In order to have a functioning economy, a country needs workers. And workers who have young kids need their children to have supervision while they are at work. Most other developed countries, such as France and Denmark, have solved the problem by subsidizing the hell out of day care so workers can afford it. But the United States has not—at least, not yet.

On Thursday, Sen. Elizabeth Warren (D-Mass.) and Rep. Mikie Sherrill (D-NJ) plan to introduce a bill that would create a mandatory federal investment to create a network of locally-run child care centers that ensure families pay no more than 7 percent of their income on childcare and that lower-income families making less than 75 percent of their state median income pay nothing. 

Half of US families nationwide would pay no more than $10 a day for child care, according to a fact-sheet about the bill exclusively obtained by Mother Jones ahead of its release. The exact cost of the proposed program was not immediately clear.

“It is time for this country to make the same kind of investment in child care that it makes in other infrastructure like roads and bridges and power, things that help people get to work and to keep this country running,” Warren says in an interview.

The funding would help day care centers, too. Despite the enormous price tag of day care, most centers are barely getting by. Their average profit margin is abysmal—less than 1 to 5 percent, according to some tallies. 

Their largest cost is payroll: Strict state and national guidelines require child care centers to keep low child-to-adult ratios per room. This keeps kids safe, but it also drives up how much day care centers have to spend on staffing. Then they have to keep the kids occupied with books and toys, often feed them, and of course clean up after them—all things that require spending on supplies.

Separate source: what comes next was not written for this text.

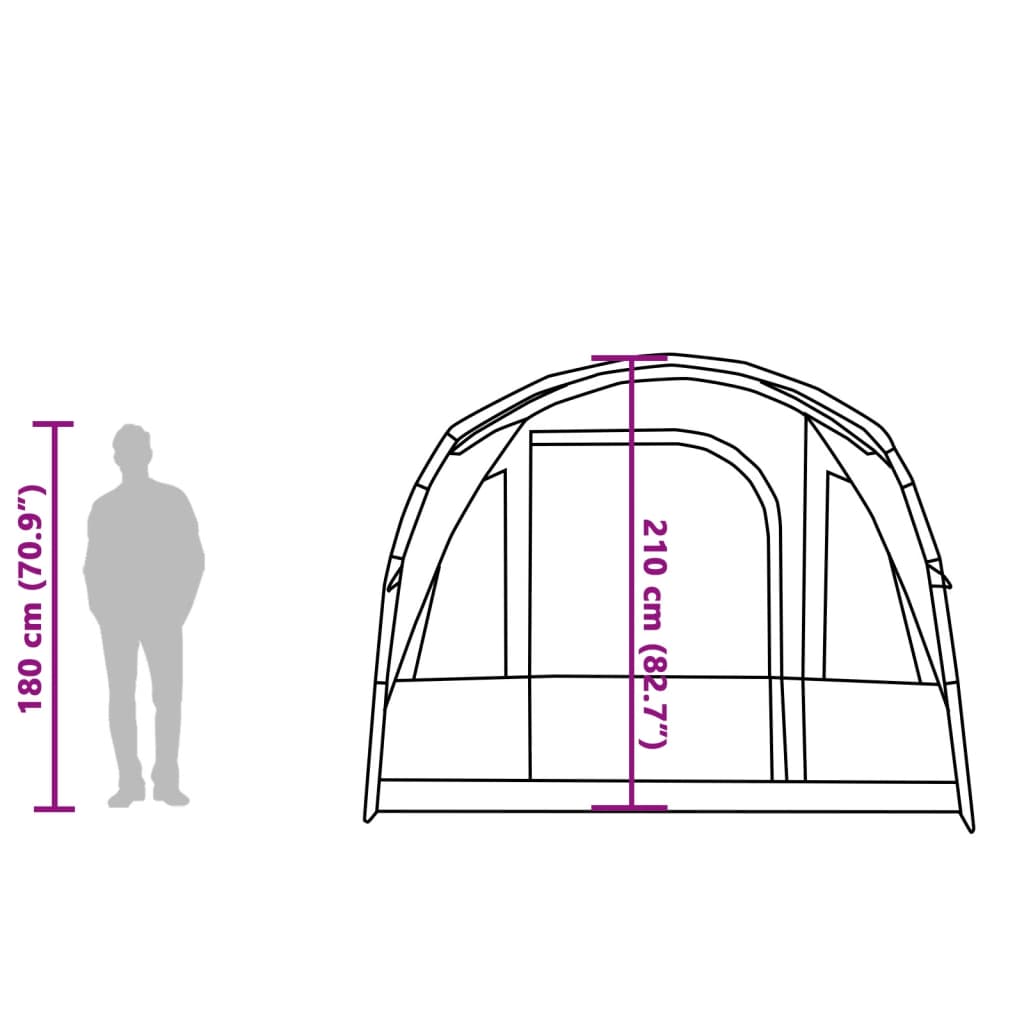 vidaXL Tenda de campismo túnel p/ 3 pessoas impermeável cinza/laranja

Federal programming would also make it easier to retain qualified employees. The median day care wage is just $13.22 per hour; workers could easily earn more at certain fast food chains. Even doggy day care workers have a higher median wage, according to the Bureau of Labor Statistics.

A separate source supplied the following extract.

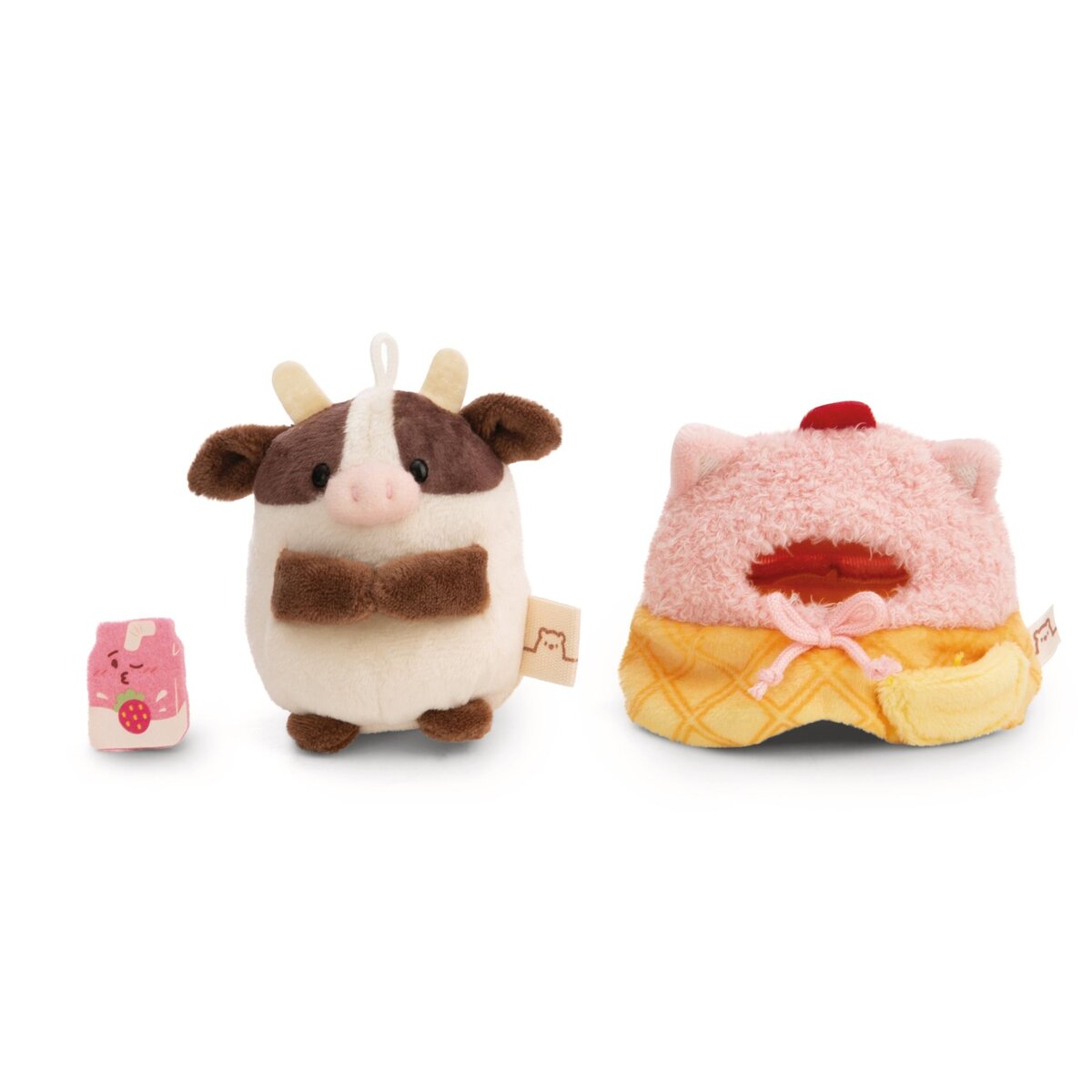 NICI Kuscheltier Set Kuh Moona mit Milch-Shake u. Softeiskostüm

So far, Warren and Sherrill’s bill is backed by Bernie Sanders (I-Vt.), Senate Finance Committee Chair Ron Wyden (D-Ore.), Senators Edward J. Markey (D-Mass.), Cory Booker (D-N.J.), Alex Padilla (D-Calif.), Sheldon Whitehouse (D-R.I.), Tina Smith (D-Minn.), and Richard Blumenthal (D-Conn.), and more than two dozen Democratic members of the House. The proposal—like most in in the current Congress—faces an enormous uphill battle to enactment, given that Republicans control the House of Representatives and Democrats don’t have a large enough Senate majority to pass most types of legislation without the support of at least a few Republican Senators. But while the odds of passage in at least the next two years are low, it is still noteworthy in the sense that its authors represent very distinct factions of the Democratic party. An issue like universal childcare was a progressive pipe dream a few years ago; today, many Democrats donned crayon-pins to this week’s State of the Union Address—which name-checked childcare as a critical issue—and both moderate and progressive Democrats are working on legislation to get it done.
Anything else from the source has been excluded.